La Iglesia lo proclama así porque con su resurrección es el vencedor del pecado y de la muerte, es el Señor de la vida y es el Señor de todo y de todos.
Reconocerlo nosotros como Rey significa Amarlo como nuestro Dios, Servirle como Nuestro Señor y obedecerle como de quien hemos recibido todo lo que somos y tenemos.
Por eso cuando le preguntaban a Jesús dónde está ese Reino, su respuesta fue: “Está dentro de cada uno de vosotros”, Y nuestra responsabilidad es vivir como ciudadanos del Reino.
2.- Jesús pasó su vida predicando el Reino de Dios. Un Reino de Verdad, de Vida, de Justicia, de Amor y de Paz. Un Reino que tiene su origen en el cumplimiento de la Salvación que Dios prometió a los hombres después del primer pecado y que culminó con la muerte y resurrección de Jesús.

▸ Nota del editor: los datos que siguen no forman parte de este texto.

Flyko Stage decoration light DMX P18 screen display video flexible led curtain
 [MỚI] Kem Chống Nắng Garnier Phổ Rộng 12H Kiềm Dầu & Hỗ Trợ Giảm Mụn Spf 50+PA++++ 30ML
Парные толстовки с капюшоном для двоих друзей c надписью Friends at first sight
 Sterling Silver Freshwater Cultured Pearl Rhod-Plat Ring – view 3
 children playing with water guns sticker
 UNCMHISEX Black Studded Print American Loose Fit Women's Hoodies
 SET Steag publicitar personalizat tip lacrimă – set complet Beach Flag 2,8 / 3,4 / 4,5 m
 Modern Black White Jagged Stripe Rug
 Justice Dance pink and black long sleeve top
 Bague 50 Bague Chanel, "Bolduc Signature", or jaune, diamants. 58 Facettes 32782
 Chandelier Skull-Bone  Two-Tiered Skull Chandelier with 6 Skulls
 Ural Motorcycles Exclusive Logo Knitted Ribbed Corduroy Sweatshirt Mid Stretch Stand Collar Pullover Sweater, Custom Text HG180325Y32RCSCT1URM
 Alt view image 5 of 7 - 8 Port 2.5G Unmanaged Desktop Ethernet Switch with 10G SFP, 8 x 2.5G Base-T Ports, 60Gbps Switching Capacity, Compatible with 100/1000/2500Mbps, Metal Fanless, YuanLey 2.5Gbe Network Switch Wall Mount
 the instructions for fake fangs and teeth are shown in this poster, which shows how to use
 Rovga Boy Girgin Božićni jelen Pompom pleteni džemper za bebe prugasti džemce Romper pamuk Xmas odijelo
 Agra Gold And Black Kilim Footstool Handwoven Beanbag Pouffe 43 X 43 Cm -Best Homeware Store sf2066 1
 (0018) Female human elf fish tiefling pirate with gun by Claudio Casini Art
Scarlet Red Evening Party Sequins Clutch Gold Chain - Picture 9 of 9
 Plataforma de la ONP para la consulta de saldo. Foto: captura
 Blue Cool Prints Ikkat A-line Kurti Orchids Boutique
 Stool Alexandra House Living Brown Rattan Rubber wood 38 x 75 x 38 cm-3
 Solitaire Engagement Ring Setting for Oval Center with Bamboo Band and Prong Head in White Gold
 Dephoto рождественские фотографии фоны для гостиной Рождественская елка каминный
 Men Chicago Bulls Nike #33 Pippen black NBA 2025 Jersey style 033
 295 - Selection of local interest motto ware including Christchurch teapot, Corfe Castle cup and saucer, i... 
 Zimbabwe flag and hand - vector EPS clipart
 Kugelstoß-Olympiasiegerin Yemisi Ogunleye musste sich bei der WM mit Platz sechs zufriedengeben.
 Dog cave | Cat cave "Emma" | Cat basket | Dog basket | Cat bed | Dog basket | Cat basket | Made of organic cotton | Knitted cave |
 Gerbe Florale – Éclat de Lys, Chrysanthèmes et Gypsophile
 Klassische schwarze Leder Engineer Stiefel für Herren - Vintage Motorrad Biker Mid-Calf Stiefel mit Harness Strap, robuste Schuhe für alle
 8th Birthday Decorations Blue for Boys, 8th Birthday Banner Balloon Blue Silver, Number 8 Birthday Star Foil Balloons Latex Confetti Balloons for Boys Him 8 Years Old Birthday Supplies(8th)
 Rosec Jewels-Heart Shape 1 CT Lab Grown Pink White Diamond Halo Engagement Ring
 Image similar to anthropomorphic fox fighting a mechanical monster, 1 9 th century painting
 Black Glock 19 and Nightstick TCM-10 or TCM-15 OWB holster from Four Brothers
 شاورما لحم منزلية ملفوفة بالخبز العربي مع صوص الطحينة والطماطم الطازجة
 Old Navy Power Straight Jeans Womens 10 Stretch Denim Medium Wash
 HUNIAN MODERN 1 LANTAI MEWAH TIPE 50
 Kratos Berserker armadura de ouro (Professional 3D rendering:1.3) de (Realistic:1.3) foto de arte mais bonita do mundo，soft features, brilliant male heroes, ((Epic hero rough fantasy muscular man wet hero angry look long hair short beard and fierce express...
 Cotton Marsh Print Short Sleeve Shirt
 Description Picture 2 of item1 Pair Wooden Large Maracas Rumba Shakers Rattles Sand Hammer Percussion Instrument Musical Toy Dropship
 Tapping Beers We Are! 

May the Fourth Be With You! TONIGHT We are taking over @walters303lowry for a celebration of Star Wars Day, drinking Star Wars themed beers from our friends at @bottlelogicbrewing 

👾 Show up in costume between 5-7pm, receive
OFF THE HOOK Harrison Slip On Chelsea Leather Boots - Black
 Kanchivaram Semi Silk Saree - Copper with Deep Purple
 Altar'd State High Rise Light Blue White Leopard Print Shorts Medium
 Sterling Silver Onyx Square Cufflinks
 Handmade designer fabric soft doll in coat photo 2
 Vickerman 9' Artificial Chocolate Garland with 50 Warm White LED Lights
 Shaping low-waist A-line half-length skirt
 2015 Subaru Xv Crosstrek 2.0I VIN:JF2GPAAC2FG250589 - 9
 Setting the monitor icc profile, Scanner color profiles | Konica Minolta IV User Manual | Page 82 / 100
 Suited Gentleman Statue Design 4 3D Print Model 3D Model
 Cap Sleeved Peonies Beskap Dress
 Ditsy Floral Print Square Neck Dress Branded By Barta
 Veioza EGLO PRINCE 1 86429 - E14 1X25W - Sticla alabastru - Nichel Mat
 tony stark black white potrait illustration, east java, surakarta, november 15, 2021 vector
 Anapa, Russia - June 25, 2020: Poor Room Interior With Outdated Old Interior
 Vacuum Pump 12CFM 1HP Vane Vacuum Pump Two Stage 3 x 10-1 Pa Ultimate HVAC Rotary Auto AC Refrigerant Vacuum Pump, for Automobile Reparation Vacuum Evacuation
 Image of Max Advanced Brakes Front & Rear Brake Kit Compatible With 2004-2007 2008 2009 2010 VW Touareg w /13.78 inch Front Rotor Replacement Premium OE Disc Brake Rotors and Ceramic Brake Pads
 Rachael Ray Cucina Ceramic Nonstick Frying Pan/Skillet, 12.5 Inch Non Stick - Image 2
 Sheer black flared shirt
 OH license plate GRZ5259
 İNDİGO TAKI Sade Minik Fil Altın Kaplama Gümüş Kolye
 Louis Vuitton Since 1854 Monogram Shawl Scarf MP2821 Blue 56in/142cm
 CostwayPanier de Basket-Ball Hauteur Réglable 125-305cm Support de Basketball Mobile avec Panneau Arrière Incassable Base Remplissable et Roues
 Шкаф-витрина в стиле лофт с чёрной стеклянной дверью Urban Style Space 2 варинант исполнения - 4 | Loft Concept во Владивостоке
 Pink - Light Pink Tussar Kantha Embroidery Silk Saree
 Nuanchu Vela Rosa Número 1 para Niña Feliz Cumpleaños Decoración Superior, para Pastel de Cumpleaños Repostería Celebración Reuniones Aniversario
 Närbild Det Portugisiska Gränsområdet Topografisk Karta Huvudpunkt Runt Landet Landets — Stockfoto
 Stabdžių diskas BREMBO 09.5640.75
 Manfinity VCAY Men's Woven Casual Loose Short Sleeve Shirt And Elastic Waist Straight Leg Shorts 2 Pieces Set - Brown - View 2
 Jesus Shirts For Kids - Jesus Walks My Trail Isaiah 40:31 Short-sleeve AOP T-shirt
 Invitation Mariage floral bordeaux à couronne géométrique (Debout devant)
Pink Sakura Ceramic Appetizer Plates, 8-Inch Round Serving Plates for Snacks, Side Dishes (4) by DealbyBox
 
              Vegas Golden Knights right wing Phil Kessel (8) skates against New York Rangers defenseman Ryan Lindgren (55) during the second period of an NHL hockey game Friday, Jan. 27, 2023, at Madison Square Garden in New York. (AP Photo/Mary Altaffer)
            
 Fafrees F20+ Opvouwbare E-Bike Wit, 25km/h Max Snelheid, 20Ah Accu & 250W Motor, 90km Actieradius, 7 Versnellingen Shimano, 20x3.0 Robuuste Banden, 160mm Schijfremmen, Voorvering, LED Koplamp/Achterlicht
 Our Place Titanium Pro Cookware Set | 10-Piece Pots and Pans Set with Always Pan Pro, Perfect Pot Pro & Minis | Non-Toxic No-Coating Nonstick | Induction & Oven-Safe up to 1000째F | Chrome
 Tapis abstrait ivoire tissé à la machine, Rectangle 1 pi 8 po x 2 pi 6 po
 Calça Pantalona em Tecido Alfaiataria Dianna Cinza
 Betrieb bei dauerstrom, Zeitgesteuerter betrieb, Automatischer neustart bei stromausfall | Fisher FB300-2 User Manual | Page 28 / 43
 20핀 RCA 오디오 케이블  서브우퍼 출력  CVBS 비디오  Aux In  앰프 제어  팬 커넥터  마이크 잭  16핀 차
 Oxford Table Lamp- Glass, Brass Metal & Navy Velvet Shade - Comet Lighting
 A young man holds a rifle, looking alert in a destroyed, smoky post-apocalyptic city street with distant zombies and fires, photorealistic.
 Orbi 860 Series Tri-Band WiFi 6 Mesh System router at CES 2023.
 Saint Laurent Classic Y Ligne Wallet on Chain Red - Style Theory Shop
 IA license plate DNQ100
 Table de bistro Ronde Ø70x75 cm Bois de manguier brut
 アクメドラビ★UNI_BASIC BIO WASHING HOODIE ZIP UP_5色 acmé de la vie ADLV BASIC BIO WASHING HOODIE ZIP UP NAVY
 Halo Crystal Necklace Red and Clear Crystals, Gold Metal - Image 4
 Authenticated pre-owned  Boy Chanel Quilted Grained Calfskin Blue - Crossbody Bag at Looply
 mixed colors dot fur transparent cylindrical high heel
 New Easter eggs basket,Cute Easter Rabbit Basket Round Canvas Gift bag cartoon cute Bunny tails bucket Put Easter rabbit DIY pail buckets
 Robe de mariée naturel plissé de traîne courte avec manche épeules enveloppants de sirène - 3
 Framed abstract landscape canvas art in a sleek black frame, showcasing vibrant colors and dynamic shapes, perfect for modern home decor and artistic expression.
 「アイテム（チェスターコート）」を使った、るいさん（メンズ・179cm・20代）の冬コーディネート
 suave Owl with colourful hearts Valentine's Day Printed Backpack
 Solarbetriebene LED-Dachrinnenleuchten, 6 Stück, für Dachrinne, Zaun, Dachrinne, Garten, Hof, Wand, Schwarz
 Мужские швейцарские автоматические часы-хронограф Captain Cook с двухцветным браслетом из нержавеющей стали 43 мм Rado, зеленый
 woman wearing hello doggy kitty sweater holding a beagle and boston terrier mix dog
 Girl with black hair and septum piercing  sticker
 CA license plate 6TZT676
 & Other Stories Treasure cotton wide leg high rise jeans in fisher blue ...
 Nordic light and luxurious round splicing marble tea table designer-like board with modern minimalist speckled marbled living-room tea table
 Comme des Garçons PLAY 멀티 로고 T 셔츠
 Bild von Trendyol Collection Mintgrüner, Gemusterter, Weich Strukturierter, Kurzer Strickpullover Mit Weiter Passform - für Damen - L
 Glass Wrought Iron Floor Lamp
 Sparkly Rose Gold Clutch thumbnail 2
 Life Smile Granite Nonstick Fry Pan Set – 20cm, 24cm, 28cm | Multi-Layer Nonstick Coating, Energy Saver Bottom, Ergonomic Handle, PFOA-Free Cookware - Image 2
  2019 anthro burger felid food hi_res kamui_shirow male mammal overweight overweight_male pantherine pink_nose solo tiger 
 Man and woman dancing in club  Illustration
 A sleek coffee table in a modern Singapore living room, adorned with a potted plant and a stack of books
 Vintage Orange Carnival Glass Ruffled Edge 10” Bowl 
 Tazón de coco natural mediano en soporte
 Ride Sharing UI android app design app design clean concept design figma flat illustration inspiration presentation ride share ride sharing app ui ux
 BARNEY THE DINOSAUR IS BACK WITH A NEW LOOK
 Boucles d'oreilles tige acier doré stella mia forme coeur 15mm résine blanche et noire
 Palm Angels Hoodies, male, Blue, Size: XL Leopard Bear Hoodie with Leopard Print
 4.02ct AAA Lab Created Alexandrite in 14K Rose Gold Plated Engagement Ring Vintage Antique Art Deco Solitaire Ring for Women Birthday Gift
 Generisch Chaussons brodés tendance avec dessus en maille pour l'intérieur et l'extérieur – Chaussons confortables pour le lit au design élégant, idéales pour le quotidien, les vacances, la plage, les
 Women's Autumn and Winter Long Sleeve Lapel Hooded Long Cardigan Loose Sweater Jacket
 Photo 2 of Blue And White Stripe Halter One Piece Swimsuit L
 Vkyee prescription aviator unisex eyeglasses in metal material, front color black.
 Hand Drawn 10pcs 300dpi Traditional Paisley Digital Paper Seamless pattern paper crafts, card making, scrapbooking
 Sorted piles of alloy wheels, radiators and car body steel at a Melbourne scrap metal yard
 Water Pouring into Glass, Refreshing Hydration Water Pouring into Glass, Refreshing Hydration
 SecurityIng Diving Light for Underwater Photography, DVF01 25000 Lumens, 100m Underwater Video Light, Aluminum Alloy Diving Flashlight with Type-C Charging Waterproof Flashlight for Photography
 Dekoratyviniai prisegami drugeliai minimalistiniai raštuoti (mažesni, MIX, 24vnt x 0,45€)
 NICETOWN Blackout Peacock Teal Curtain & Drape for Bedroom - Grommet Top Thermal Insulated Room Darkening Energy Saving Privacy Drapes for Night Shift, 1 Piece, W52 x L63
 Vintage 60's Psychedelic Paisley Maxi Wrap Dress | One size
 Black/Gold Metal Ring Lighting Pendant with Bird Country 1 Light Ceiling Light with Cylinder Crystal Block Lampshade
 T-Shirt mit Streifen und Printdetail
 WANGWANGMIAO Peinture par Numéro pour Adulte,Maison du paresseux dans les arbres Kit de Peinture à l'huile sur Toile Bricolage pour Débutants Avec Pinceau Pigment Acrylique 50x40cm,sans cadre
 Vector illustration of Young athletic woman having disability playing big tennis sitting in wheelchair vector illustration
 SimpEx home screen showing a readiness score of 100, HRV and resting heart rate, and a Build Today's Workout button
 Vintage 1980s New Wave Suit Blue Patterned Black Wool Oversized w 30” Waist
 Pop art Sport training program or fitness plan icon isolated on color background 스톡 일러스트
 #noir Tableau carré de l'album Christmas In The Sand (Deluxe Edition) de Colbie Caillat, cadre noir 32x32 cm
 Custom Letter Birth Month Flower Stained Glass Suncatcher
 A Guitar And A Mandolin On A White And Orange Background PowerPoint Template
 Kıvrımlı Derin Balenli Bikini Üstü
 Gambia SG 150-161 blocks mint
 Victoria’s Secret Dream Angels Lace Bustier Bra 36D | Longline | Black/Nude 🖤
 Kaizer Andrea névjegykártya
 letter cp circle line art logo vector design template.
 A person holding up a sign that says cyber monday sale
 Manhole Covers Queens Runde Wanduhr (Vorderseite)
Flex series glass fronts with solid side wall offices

Un Reino que, al contrario de los reinos humanos, tiene una única Ley: El Amor. Un Reino en el que más manda es el que más sirve, en el que el más importante es el más pequeño, en el que las ofensas se resuelven con el perdón y la misericordia, en el que todos tenemos la misma dignidad porque somos imagen y semejanza de Dios, en el que el más amado es el más pobre, el más pequeño, el más olvidado.
3.-Y esto es precisamente lo que nos recuerda el Evangelio de hoy.
El mejor ciudadano del Reino no es el que más reza, ni el que es más piadoso, ni el que aparenta ser más interesado en cualquier actividad, sino el que más ama, el que más practica la justicia, aunque no lo parezca.
Al final de los tiempos, cuando el Señor nos pregunte lo que hemos hecho en nuestra vida como ciudadanos del Reino, nos llevaremos la sorpresa de que muchos de los que nos consideramos buenos cristianos el Señor nos dirá que no somos los mejores porque no hemos amado bastante, no nos hemos preocupado de verdad por los que más sufren y los más olvidados.
En este mundo nuestro tan desigual y tan violento es fácil comprobar que los más pobres, los que más sufren y los más olvidados, suelen ser los más generosos, los más bondadosos y los que más se preocupan de los demás, y precisamente por eso irán delante de nosotros en participar plenamente de la gloria del Padre porque son los que han amado más.
REFLEXIONEMOS UN MOMENTO
**Es Jesús nuestro Rey y Señor?
**Nos esforzamos en vivir como ciudadanos del Reino?
**Trabajamos por construir un mundo que sea lo más parecido al Reino de Dios?